Legal

Litigation Risk Alert in Spain: Mandatory Pre-Lawsuit Negotiations from April 3, 2025

Beginning April 3, 2025, Organic Law 1/2025 comes into effect in Spain, introducing a significant change: it will become mandatory to attempt a prior amicable resolution through Appropriate Methods for Dispute Resolution (known by the Spanish acronym MASC) before filing civil or commercial lawsuits. This measure aims to reduce court overload, promote quicker and more cost-effective agreements, and foster a culture of consensual dispute resolution.

What are MASC?

These are alternative methods to judicial proceedings, designed to help parties reach agreements more quickly and economically. The most common methods include:

  • Mediation (a neutral third party helps the parties reach an agreement).
  • Private Conciliation (similar to mediation, but the conciliator can propose specific solutions).
  • Independent Expert Opinion (a specialized professional analyzes the conflict and provides recommendations).
  • Binding Confidential Offer (a specific proposal for resolution that must remain confidential until the process concludes).
  • Collaborative Law (lawyers and parties collaborate to resolve issues without resorting to litigation).
In what cases will this be mandatory?

This requirement will apply to almost all civil and commercial lawsuits governed by the Spanish Civil Procedure Law, except in specific exceptions (such as cases involving gender-based violence or non-negotiable family conflicts).

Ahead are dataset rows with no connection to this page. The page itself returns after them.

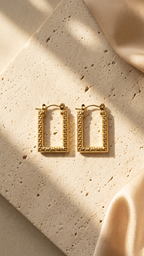 Athena Square Hoop Earrings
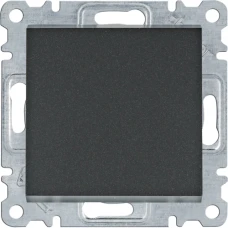 Hager Вимикач 2-полюсний Lumina, чорний, 10АХ/230В WL0063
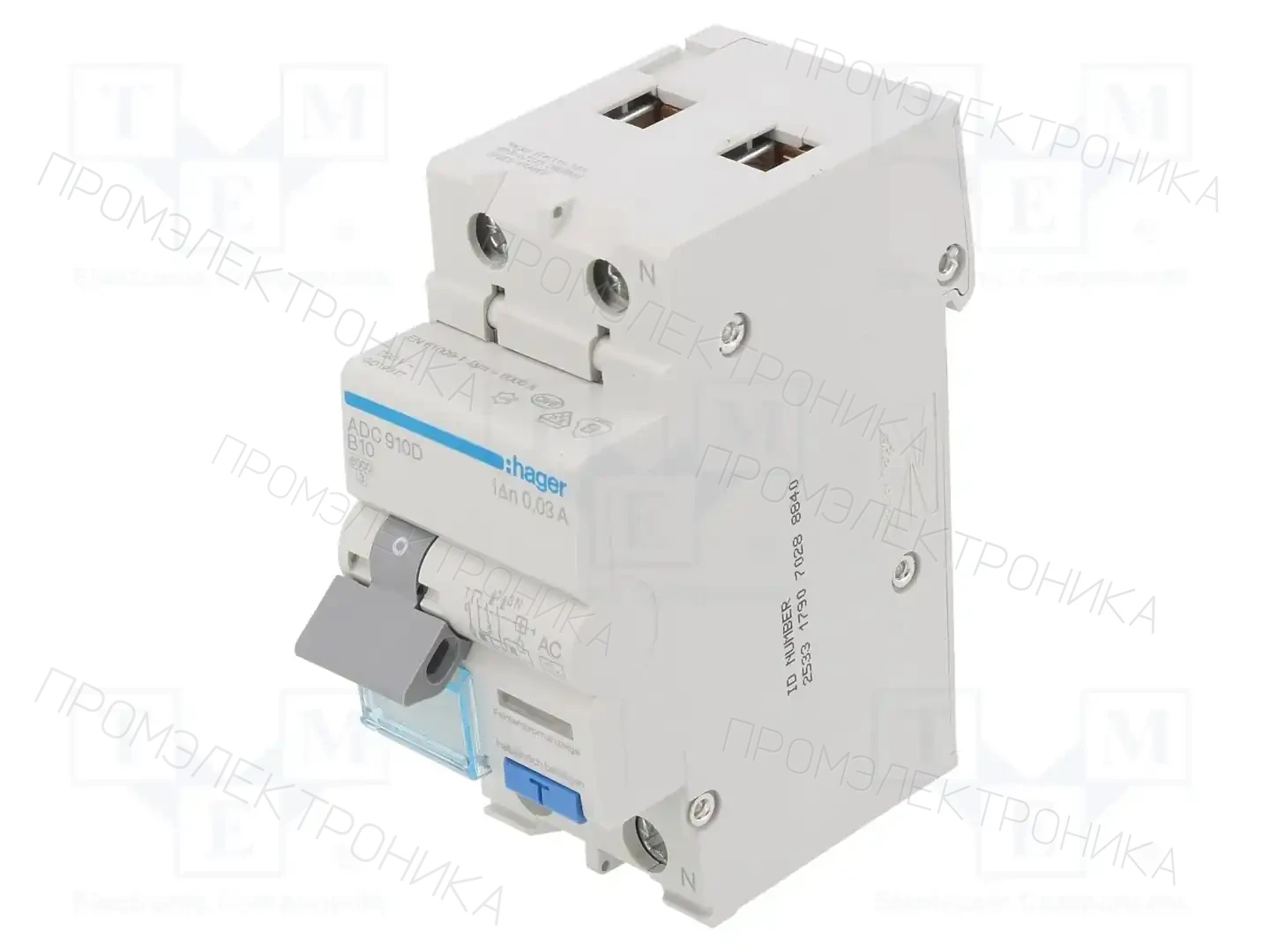 HAGER ADC910D — Дифференциальные выключатели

Failure to meet this requirement may result in the inadmissibility of the lawsuit or require its correction within a limited period.

Special relevance for Industrial Property cases

In matters related to trademarks, patents, or designs, this law carries significant impact. Although attempts at conciliation were previously required in certain circumstances, the new law mandates prior attempts at resolution for all judicial actions involving industrial property rights. Lawyers will need to precisely and rigorously document any prior negotiation efforts—whether concerning infringement, invalidity, or cancellation—using valid evidence such as burofax, notarial acts, or documents signed by licensed professionals.

How to prove prior attempts at resolution?

The law requires clear documentary evidence. Valid methods include:

  • Burofax or certified mail.
  • Email with proof of receipt and content verification.
  • Notarial acts.
  • Documents signed by lawyers or court representatives.

Conversations via WhatsApp, SMS, or phone calls will not be accepted as valid evidence.

Consequences of failing to comply

If an attempt at resolution is not adequately documented, the lawsuit may be declared inadmissible, or the plaintiff may be required to rectify the omission within a limited period. Negotiation attempts initiated only during the rectification period will not be accepted. Additionally, unjustified refusal to participate in prior negotiation can result in the party being required to pay full legal costs.

In conclusion

This new regulation demands a change in litigation strategy, emphasizing prevention, detailed documentation, and rigor during pre-litigation phases. Especially in specialized fields like industrial property, proactive, carefully documented negotiations will become crucial to ensuring the viability of future judicial actions.